The tablet market is dominated, we all know, by Apple. Apple is arguably the lone American success story in the consumer electronics space. All of Apple’s serious competition comes from companies outside the US, and nearly all of those are in Asia. Samsung and LG represent the Korean vanguard, with ZTE, Pantech and Huawei making inroads to the North American market now. HTC is based out of Taiwan; while Japan brings us Sony. Europe’s presence in the US market is minimal, particularly now with the dissolution of the Sony Ericsson venture. Nokia has tied itself to Microsoft and is only now beginning to release products that can compete on specification and features, if not on mindshare. 

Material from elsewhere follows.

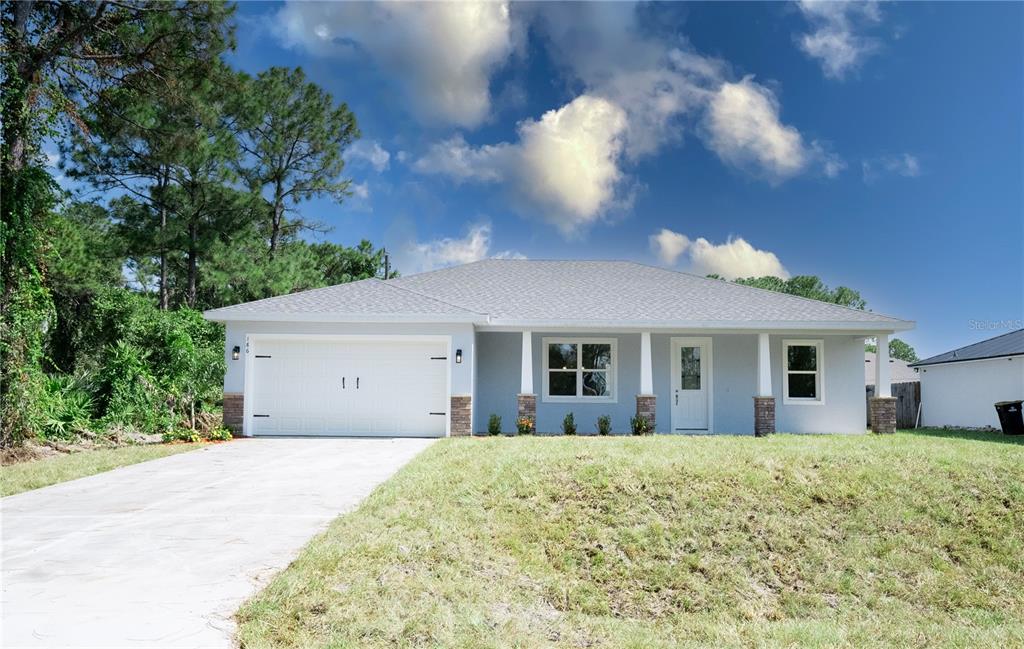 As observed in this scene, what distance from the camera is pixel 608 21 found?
1747 centimetres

And then there’s Archos. Based in France, Archos has been producing consumer electronics since 1988, with a strong focus on what some think the tablet is best suited at: entertainment. Prior to the iPad, there was the Archos 5 Internet Tablet. Released in 2008, the 5 established the mold that other tablets would soon follow, ARM based internals, varying screen sizes and storage capacities, WiFi and 3G capabilities and a Linux-based OS. The web browsing experience was less than spectacular on these early models because of the resistive touch screens and janky early browsers. The media performance, though was spectacular for the time, with DVD-quality video on a 5” 800x480 display; bearing in mind that at the time HD video was a challenge for desktops, let alone laptops or handheld devices. And with storage starting at 30GB, these were the ultimate solution for movie watching while on a long flight. 

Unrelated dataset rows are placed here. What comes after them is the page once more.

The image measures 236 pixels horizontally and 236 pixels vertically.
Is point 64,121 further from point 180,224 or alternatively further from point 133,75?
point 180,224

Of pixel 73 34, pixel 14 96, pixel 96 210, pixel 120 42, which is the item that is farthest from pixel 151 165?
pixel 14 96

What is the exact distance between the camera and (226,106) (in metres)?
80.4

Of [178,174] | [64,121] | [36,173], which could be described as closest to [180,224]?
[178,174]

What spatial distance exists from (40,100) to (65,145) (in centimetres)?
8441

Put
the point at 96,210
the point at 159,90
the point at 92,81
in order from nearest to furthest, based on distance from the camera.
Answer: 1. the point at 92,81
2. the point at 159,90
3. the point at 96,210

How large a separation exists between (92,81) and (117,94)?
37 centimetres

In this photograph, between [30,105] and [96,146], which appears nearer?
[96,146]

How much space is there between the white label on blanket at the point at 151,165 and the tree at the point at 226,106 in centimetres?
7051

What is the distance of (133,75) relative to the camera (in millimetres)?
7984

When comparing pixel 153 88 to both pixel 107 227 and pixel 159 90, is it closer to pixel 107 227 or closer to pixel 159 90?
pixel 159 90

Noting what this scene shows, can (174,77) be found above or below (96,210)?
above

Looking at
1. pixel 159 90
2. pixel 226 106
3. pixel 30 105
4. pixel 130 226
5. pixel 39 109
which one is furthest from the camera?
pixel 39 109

That was four years ago, the Archos G9 Turbo series is what we're here to discuss today. A lot has changed, while other things have stayed the same. We first caught wind of these tablets last year when they were touted as the fastest Android tablets in the world thanks to the 1.5 GHz clock on the TI OMAP4460 dual-core ARM Cortex-A9 SoC. Delays in producing these top models meant falling behind NVIDIA’s Tegra 3, the current “World’s Fastest” title holder. And while the Android tablet market was still pretty shallow last July when these were announced, it’s a deep wide sea now. So how does the French entrant fare? 

An Aside

Let’s cover this quickly. What do we do on our tablets? Media? Yep. Gaming? Yep. Browsing? Yep. E-mail? Yep. Productivity? I recently wrote a long e-mail on the 101 G9 Turbo, and was surprised to find that by the second paragraph I was able to get decent accuracy and passable speed. The issue is that with each tablet form factor the experience is pretty different. But would I want to write on it? Probably not. I’m no artist, but a few minutes in Draw Something tells me this is not the ideal canvas for art. There’s lots of task management, note and scheduling apps available on the market, but their utility is limited by the likelihood that you’d rather pull out your tablet than your cell phone when you’re looking to make a note or update your schedule. The phones cellular modem makes it a more potent on-the-go device, so the tablet stays a step behind. 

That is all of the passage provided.